By Stephanie Schomer

entrepreneur daily

This story appears in the January 2021 issue of Entrepreneur. Subscribe »

Courtesy of Dunkin'

"Great coffee, fast." That's the tagline Dunkin' — the franchise formerly known as Dunkin' Donuts — has pushed to highlight its shift toward beverage service. The message resonated: In 2019, revenue hit $646 million, and last year Dunkin' held the no. 1 spot on our Franchise 500 list.

But 2020 shifted priorities. Customers still wanted great coffee, but with a side of reassurance. "The two biggest things our customers are asking for are: Make me feel safe, and give me access to your brand on my terms," says Scott Murphy, president of Dunkin' Americas.

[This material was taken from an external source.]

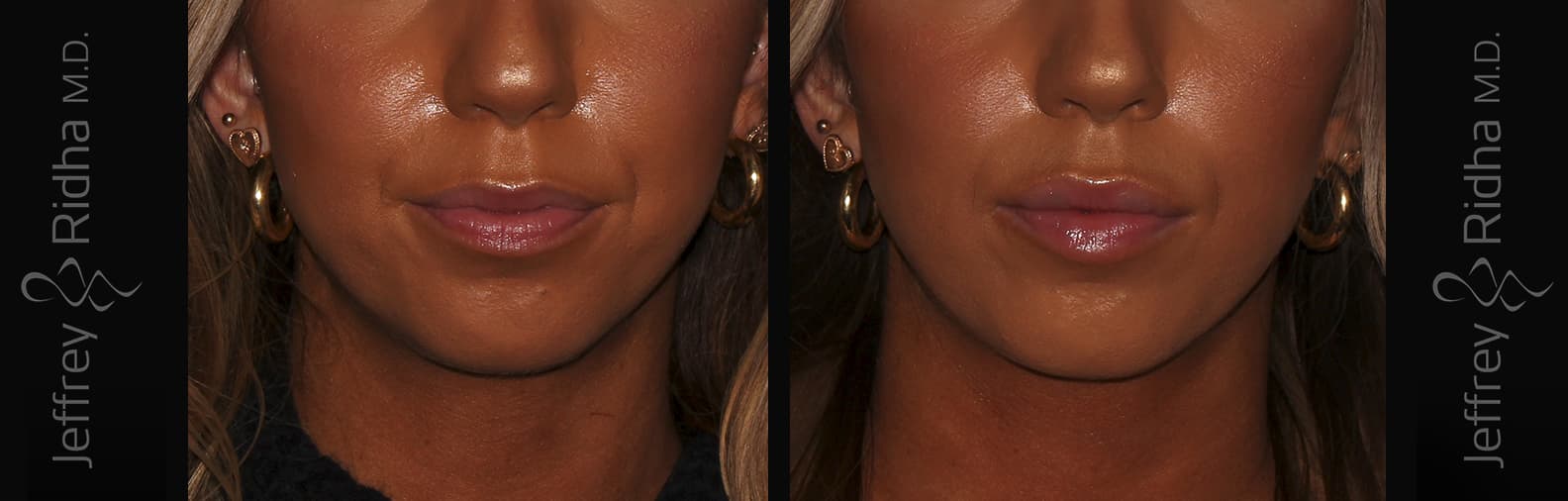 Injectables Before and After - Case 13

Related: Why Dunkin' Donuts Is Removing 'Donuts' From Its Name

On both fronts, Dunkin' has been able to accommodate. Through mobile ordering and delivery options put into play prior to the pandemic, the franchise survived a year that locked its usual work-commute crowd in home-based offices. Within weeks of the pandemic, Dunkin' made curbside pickup available at 1,400 U.S. stores and, in a bid for new customers, introduced a lineup of trendy beverages: matcha and oat-milk lattes, plus Dunkin' Refreshers, made with iced green tea. "Dunkin' Refreshers was our most successful new offering since cold brew was introduced four years ago," says Murphy, noting a surge of young, female patrons.

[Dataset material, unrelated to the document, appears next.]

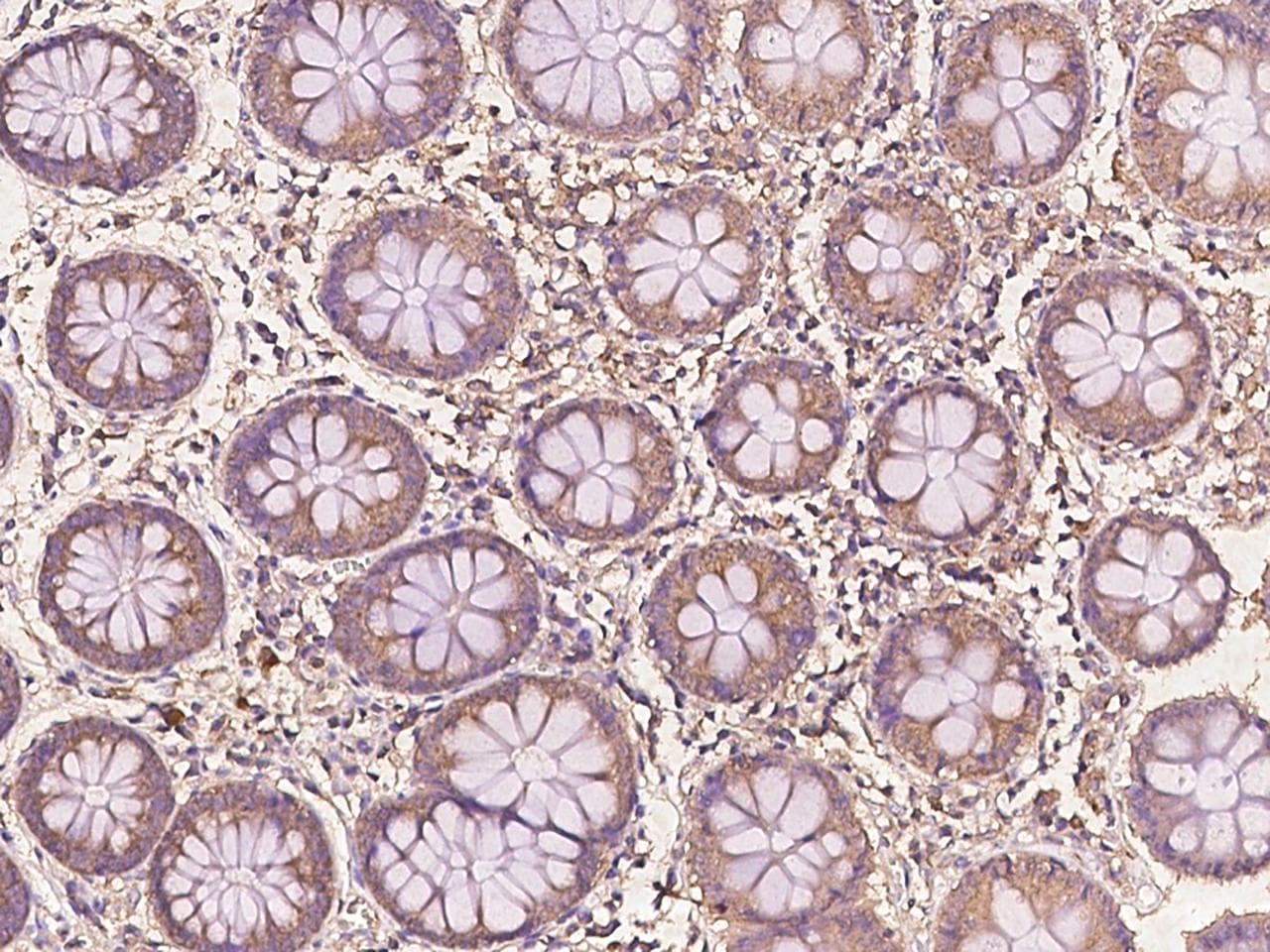 Polyclonal Rabbit anti-Human BTF3 Antibody (IHC, IF)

Yes, Dunkin' took a sales hit and shuttered 800 locations (450 of which were Speedway self-serve kiosks). But it managed to keep more than 90 percent of locations open throughout the pandemic, and sales are recovering. In a sign of change to come, Dunkin' Brands announced in October that it would go private in a sale to Inspire Brands, owner of Arby's, for $11.3 billion. (In a November interview, Murphy was not able to comment on the in-process transaction.)

Related: Why Millennials Make Great Franchisees -- And How to Recruit Them

Despite the tough year,Murphy sees signs for optimism. "We are focused on quality over quantity," he says. "Our franchisees are opening fewer units because of COVID, but the ones they are opening are generating higher sales per restaurant."

To see our complete Franchise 500 rankings, please click here, or view more stories here.

Stephanie Schomer

Entrepreneur Staff

Deputy Editor

Stephanie Schomer is Entrepreneur magazine's deputy editor. She previously worked at Entertainment WeeklyArchitectural Digest and Fast Company. Follow her on Twitter @stephschomer.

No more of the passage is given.